Getting to Green - the challenges of CI and CD in a large organisation

This is a paraphrasing of a talk I gave at the DevOps Usergroup Malaysia Meetup in July 2012.

The idea of the talk was to present some thoughts on how to move from manual deployment to automated deployment in a larger organisation which has not historically used automation techniques.

I am the CIO at the iProperty Group; we operate sites in 5 countries – Malaysia, Singapore, Hong Kong, Macau and Indonesia. In total we have around 50 IT staff (30 of whom are in Malaysia). We have a mixture of different stacks in use within the organisation (3 of our major sites are written using .Net and run on Windows, 2 are written in PHP and run on Linux).

Our hosting is currently split between co-located facilities (one in KL, one in Jakarta) and Amazon Web Services (in Singapore). We are gradually moving more towards AWS.

We are investing a lot in tools and processes to support our environment such as AWS, Puppet, Continuous Integration (Jenkins), etc.

Ultimately the goal is to have true push-button deployment where any developer can deploy their own code into production with confidence and ease. As with a lot of other companies, we look towards Etsy as a model of how this can be done where developers deploy code on their very first day on the job.

By working on automation of our deployment pipeline, we know we can increase confidence in the products we’re pushing out. We want to improve the reliability and repeatability of our releases. The aim is to get to a state where we can deploy many times a day - this will enable us to increase innovation and reduce frustration.

Of course, it’s never quite that simple and deployment is often one of the overlooked parts of the product development process. Developers assume that once the code is written their job is done.

I’ve had past experience where there was such uncertainty about the quality of software that a total change freeze was put into place for months at a time. This led to a number of consequences: first was that developers became frustrated as products they had put lots of work into were left to rot without going live; the other was that, once the freeze was eventually lifted, the deployment of all the backed up changes was a massive task.

At iProperty we have relied heavily on manual work to get code live. This makes deployments fragile and risky. Moving from one webserver to multiple servers without any automation means that we have problems with synchronisation of code versions, files being missed, problems surfacing in production that weren’t in development and more.

The more you scale, the more automation becomes a necessity. We are currently moving sites to AWS; in that environment you have to assume that an instance will become unresponsive and the easiest way to control that is to build a new instance to replace it.

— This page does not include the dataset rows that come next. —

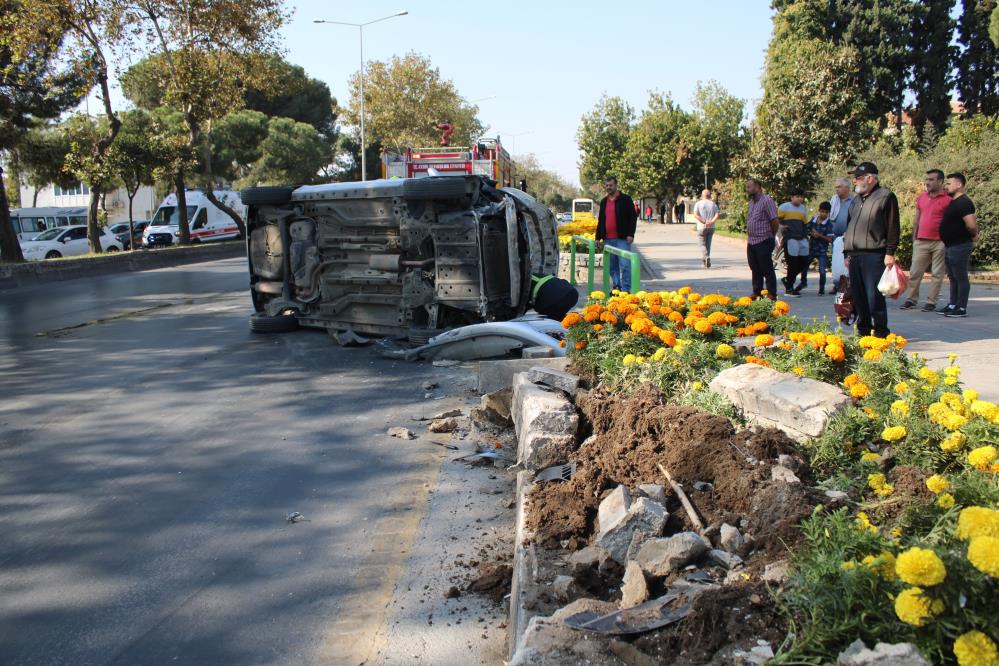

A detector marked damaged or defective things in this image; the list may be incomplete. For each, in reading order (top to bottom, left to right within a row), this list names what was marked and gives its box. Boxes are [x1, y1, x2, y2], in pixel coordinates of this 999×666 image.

overturned white car [244, 176, 564, 338]
broken concrete slab [478, 356, 568, 392]
broken concrete slab [516, 370, 580, 470]
broken concrete slab [528, 364, 584, 394]
broken concrete slab [712, 360, 852, 438]
broken concrete slab [592, 486, 632, 532]
broken concrete slab [596, 496, 668, 564]
broken concrete slab [640, 528, 712, 576]
broken concrete slab [620, 560, 652, 608]
broken concrete slab [840, 636, 932, 660]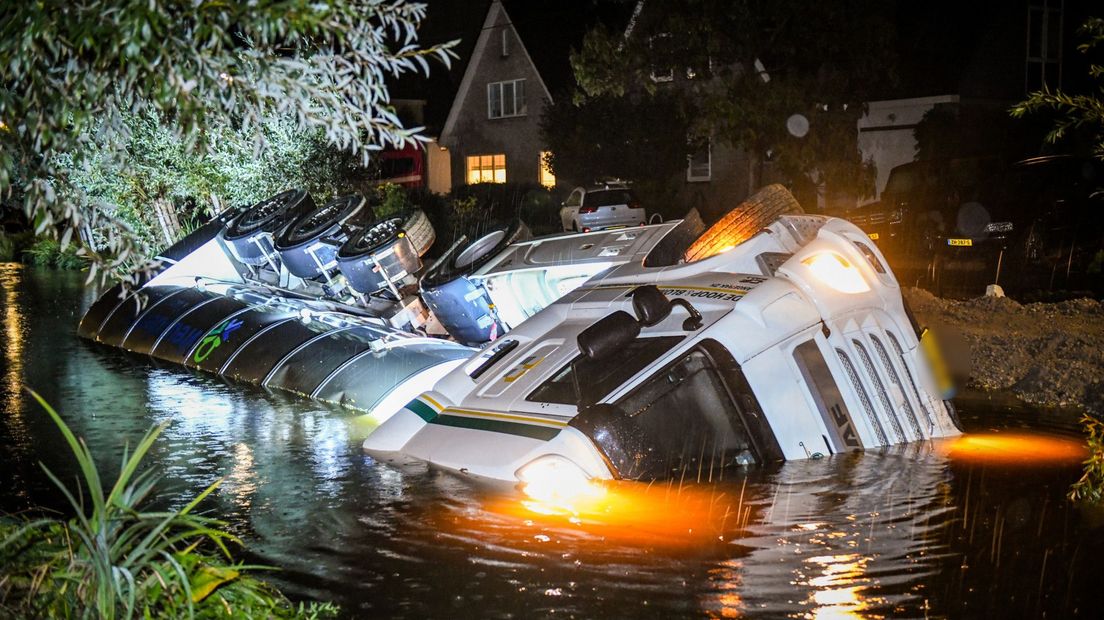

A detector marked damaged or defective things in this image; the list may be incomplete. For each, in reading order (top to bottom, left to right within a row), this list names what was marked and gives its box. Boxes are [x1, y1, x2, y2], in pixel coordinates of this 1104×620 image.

overturned tanker truck [80, 183, 958, 487]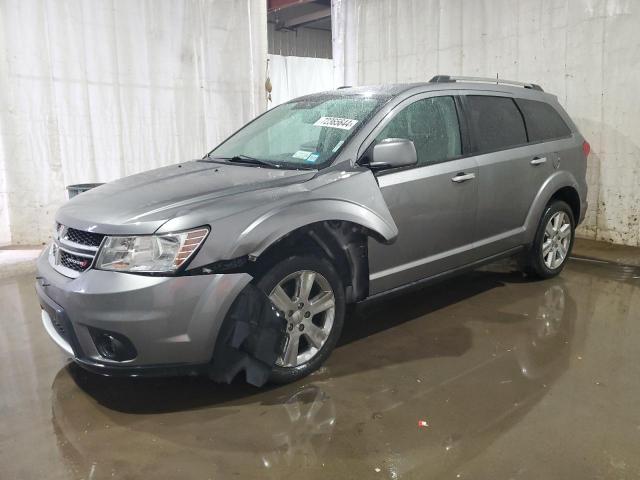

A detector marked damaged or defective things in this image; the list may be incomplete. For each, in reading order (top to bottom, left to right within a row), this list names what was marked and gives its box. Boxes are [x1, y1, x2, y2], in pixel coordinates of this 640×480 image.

damaged front wheel [255, 255, 344, 382]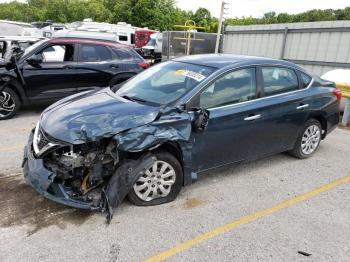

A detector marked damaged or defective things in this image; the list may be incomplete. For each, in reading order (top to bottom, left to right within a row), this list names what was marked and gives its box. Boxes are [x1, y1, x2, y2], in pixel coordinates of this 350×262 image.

damaged hood [40, 89, 159, 144]
crumpled front bumper [22, 130, 95, 210]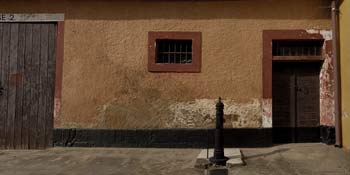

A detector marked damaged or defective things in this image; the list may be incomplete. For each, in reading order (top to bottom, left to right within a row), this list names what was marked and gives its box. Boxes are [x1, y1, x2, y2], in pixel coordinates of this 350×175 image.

Without automated deployment of the application that’s a tricky task.

So how to go from manual, fragile deployments to robust automated deployments? Our approach has been to take a small project first and prove out the processes and concepts there before taking it to larger, more complicated applications.

The testbed for us is a site that’s relatively new - it’s been live for about 9 months and it has a team of 4 developers. The bonus is that it’s also running in a Linux environment and the tools are more proven than their equivalents on Windows.

To kickstart the project and to help with technical leadership, we asked ThoughtWorks to come in and help for a short engagement. Among their many strengths, they have a lot of experience in deployment automation, continuous delivery and DevOps.

As we worked through the project, what seemed like a simple site on the surface turned out to have some hidden surprises; probably the biggest of these was the number of places the application was making assumptions about the environment (that content stored of the local disk would always be available). We had a bit of work to do to move user-generated content over to Amazon S3 before we could properly set up a test environment.

Once we’d worked out the architecture, the next step was to get Jenkins running as a build and deployment server. We now have 2 Jenkins builds - one is fairly standard (pulls changes from git, runs through the build steps and produces a release tarball as an artefact); the second is manually triggered and is used to deploy the code to the web and application servers. The deployment process works by grabbing the tarball from the standard build, pushing it out to a central deployment host and asking that to then copy the code to all of the webservers. In this way, the only place we need to know about which webservers are currently in the loop is on that central deployment machine.

The other part of the project has been to start to build some automated tests so that we can deploy with more confidence. We’re developing these from the outside-in - starting with functional tests (using Selenium) that prove the most critical features of the site. Ideally we’d have had these in place from the start.

So what have we learnt? Firstly we’ve learnt that achieving your goal is doable but you need to start small and prove it out in a contained way first. Secondly, we learned that there’ll always be details that intend to trip you up so don’t rush it. Thirdly, I’d recommend getting help if you need it - even if you think you understand the task, having an outsider’s perspective gives you balance and focus. And finally, testing is crucial - do it early and save yourself the pain later!

As a CIO, a lot of my job is about managing risk to the business from IT. Pushing out unstable code, not being able to release products due to fragile processes and not being able to scale to meet demand are some of the key risks that we face. Automating deployment can help with all of these.

The talk generated some interesting discussion points; particularly about the path forward. The next big challenge is to prove the tools out to do this with Windows web servers.